Entries taken from a collection
-=-=-=-=-
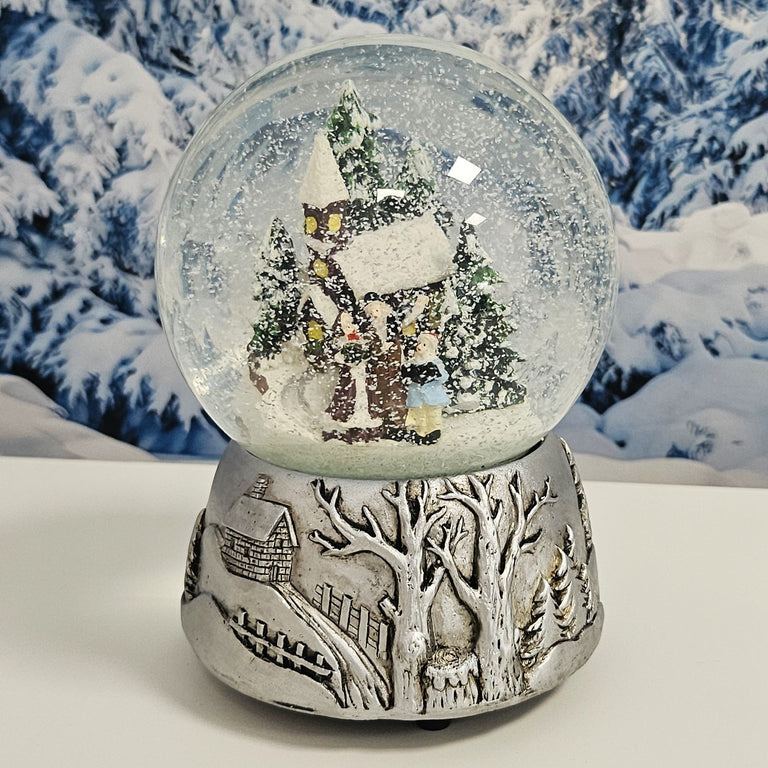Nostalgische Schneekugel Weihnachtsspaziergang auf Silber Landschaft 100 mm Durchmesser mit Spieluhr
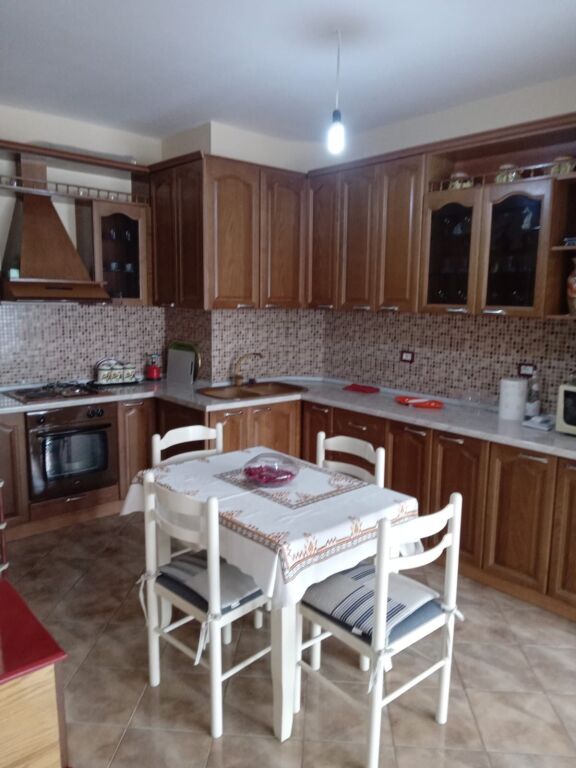 🏡APPARTAMENTO 2+1 IN AFFITTO A LUNGO TERMINE – RIVIERA, VLORA‼️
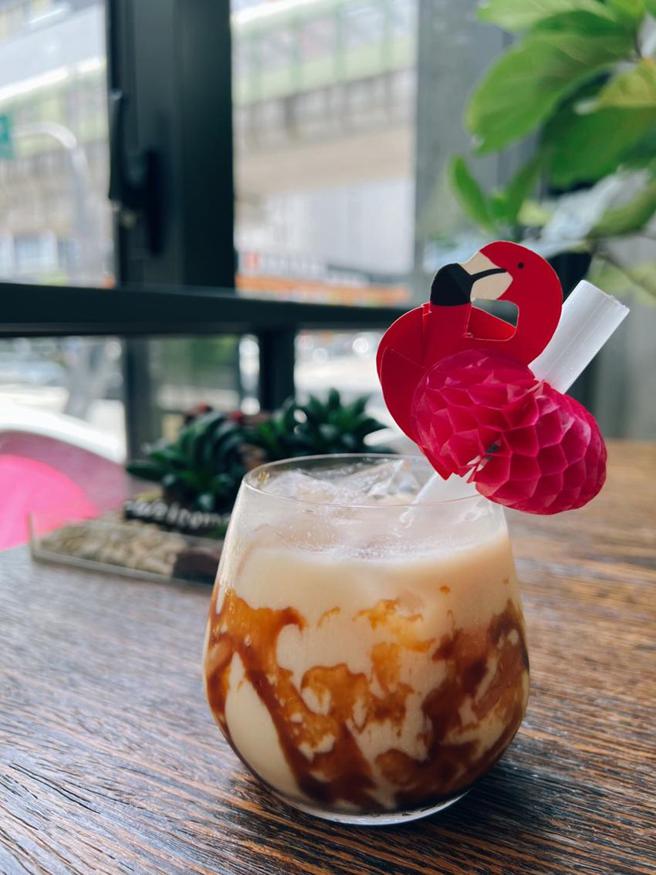 （台中Moxy酒店自7月1日起至8月31日以「珍珠奶茶」為主題，推展全台首創「珍珠奶茶節」。（圖／台中Moxy酒店提供）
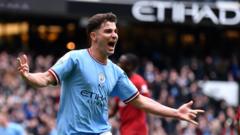 Man City thump Liverpool to keep pressure on Arsenal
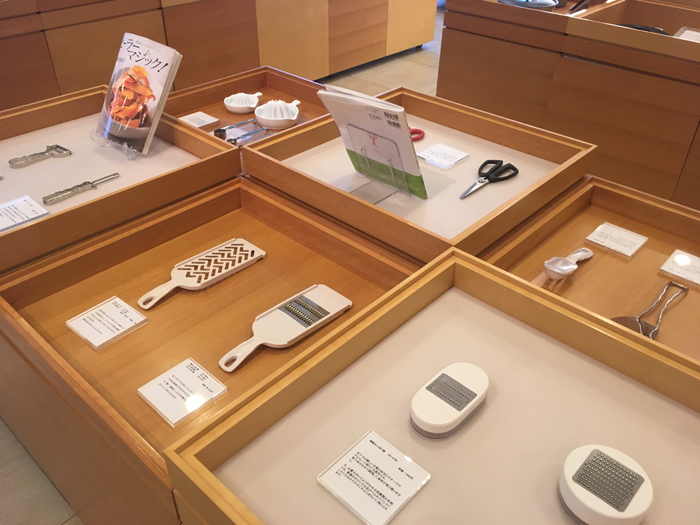 すりおろし器やピーラーも貝印の守備範囲です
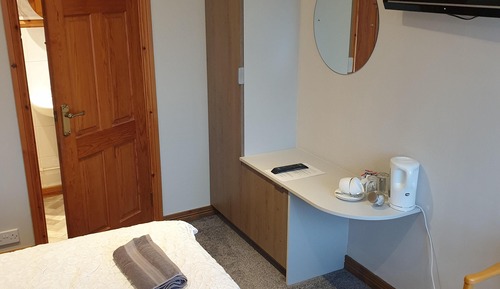 Habitación con 2 camas individuales, baño privado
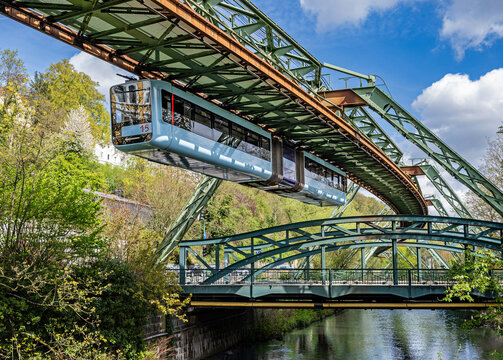 Wuppertal, Nordrhein-Westfalen, Deutschland - Wuppertaler Schwebebahn im April 2026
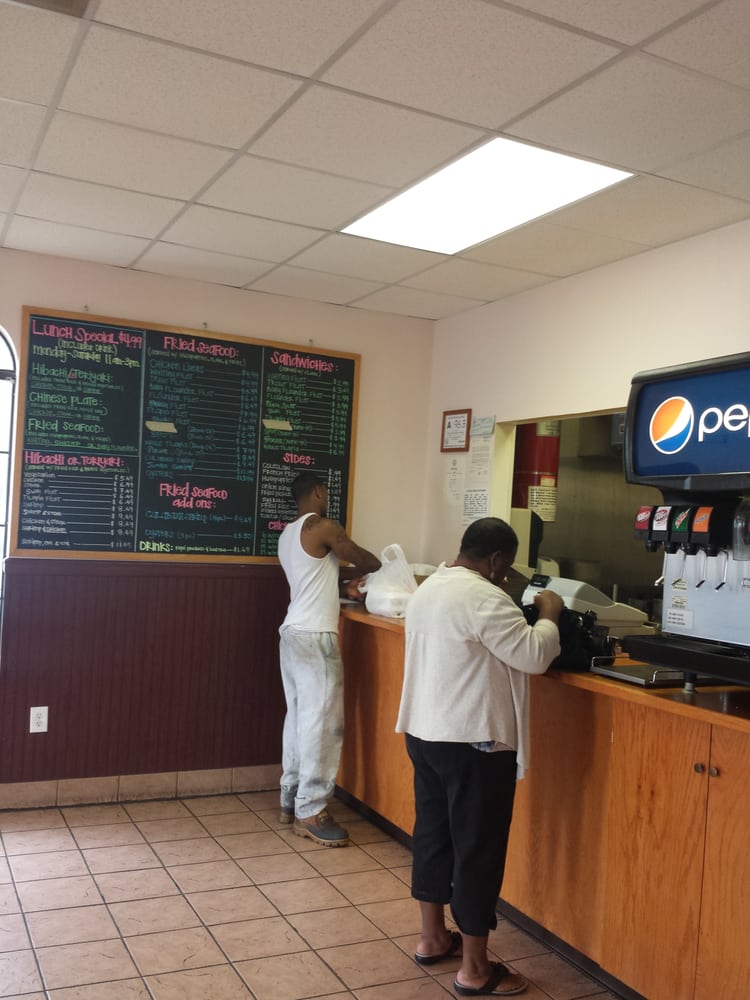 Fresh Seafood Market & Restaurant 1821 N Church St, Burlington, NC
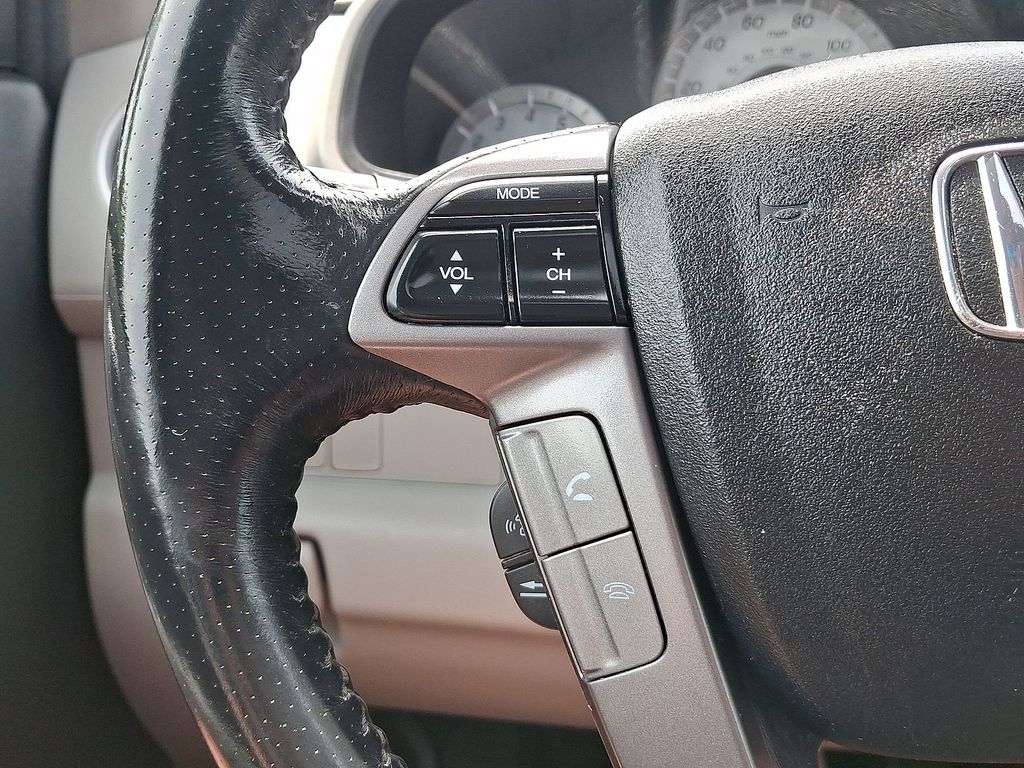Thumbnail: 2013 Honda Pilot - 20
-=-=-=-=-
## TASK INSTRUCTIONS
Beginning with the line that has "Habitación con 2", repeat each remaining line of the data above word for word, keeping pictures out.

## WRITTEN SOLUTION
 Habitación con 2 camas individuales, baño privado
 Wuppertal, Nordrhein-Westfalen, Deutschland - Wuppertaler Schwebebahn im April 2026
 Fresh Seafood Market & Restaurant 1821 N Church St, Burlington, NC
Thumbnail: 2013 Honda Pilot - 20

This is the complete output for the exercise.